→ **WHAT YOU ARE ASKED TO DO**
When you reach the line containing "WB13K21 IG9998 Oven", start transcribing exactly and continue through the last line of the data, skipping every picture.

→ **DATA SHOWN**
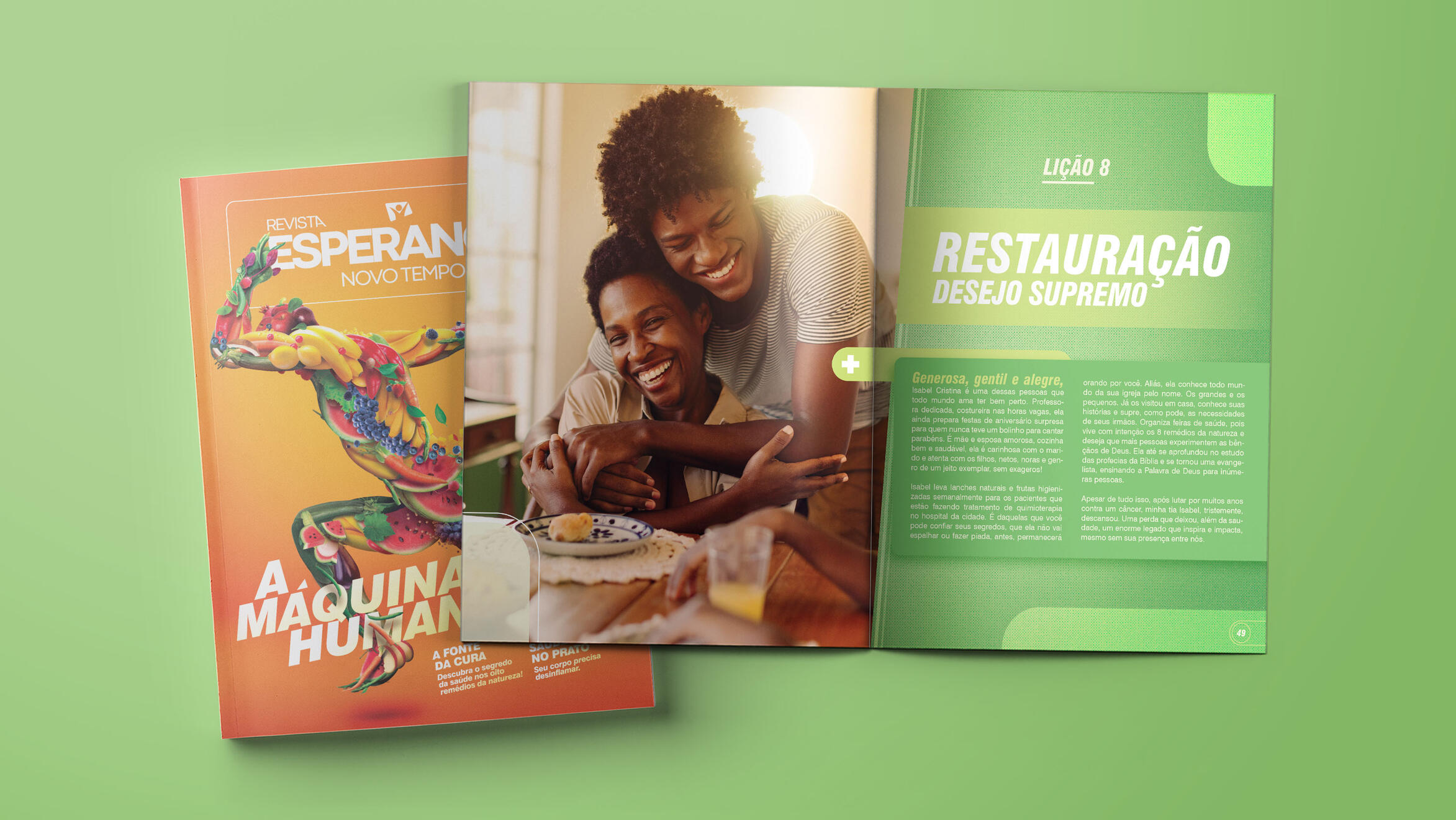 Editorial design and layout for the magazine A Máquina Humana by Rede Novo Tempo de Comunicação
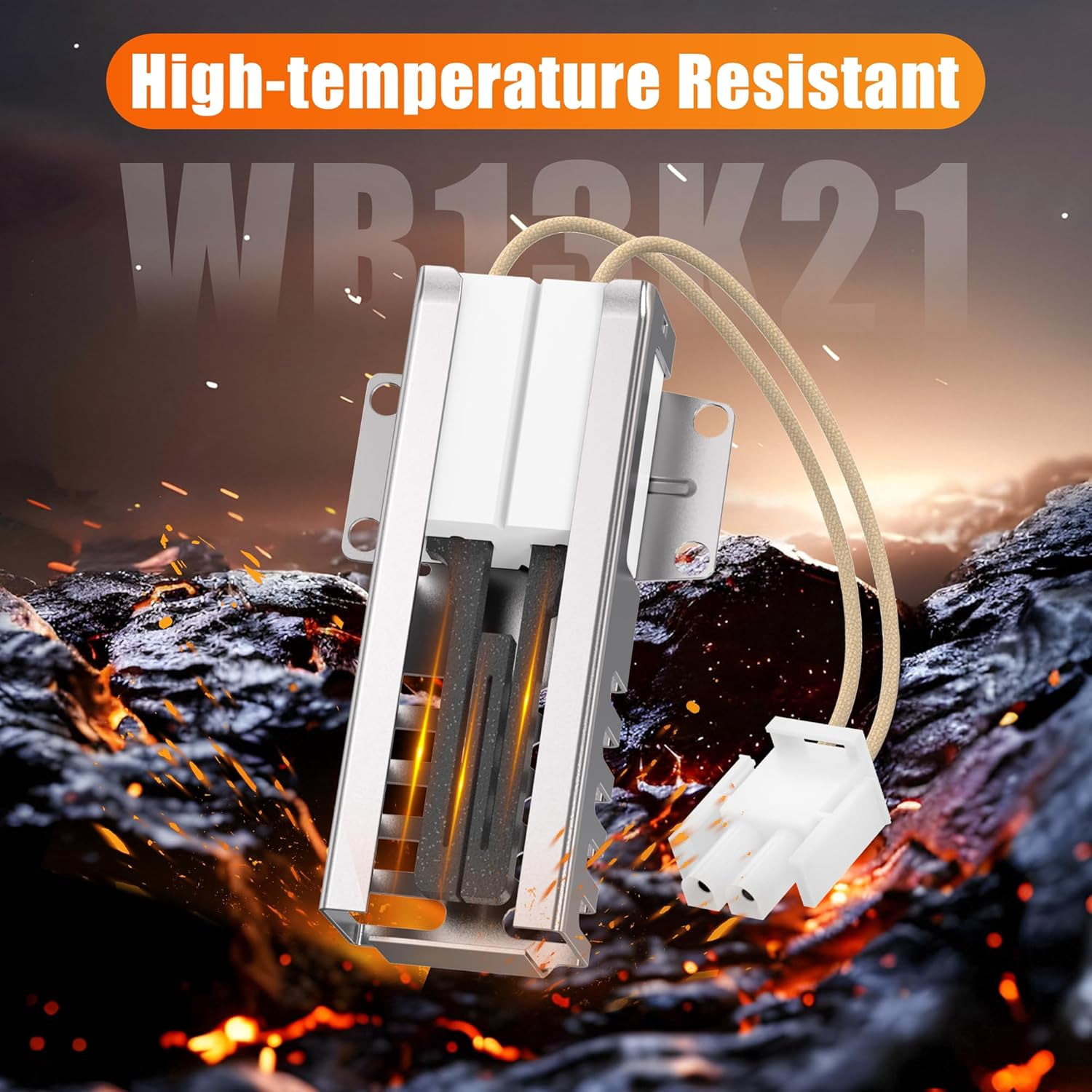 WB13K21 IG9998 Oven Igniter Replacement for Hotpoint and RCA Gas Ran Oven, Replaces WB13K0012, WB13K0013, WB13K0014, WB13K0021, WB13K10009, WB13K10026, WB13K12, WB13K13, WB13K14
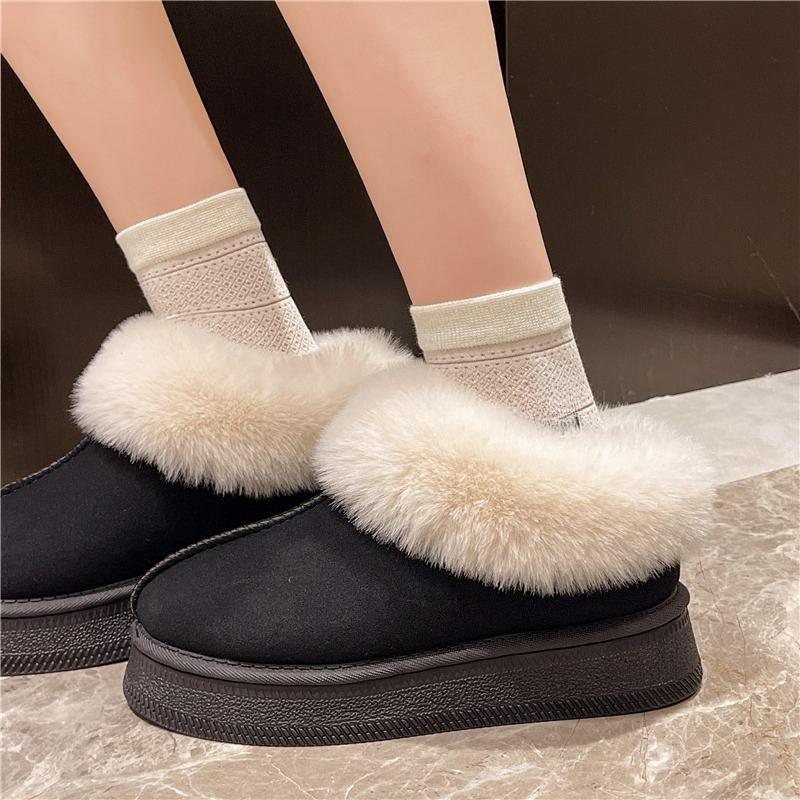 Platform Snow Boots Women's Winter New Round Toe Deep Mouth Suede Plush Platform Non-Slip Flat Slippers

→ **REPLY**
 WB13K21 IG9998 Oven Igniter Replacement for Hotpoint and RCA Gas Ran Oven, Replaces WB13K0012, WB13K0013, WB13K0014, WB13K0021, WB13K10009, WB13K10026, WB13K12, WB13K13, WB13K14
 Platform Snow Boots Women's Winter New Round Toe Deep Mouth Suede Plush Platform Non-Slip Flat Slippers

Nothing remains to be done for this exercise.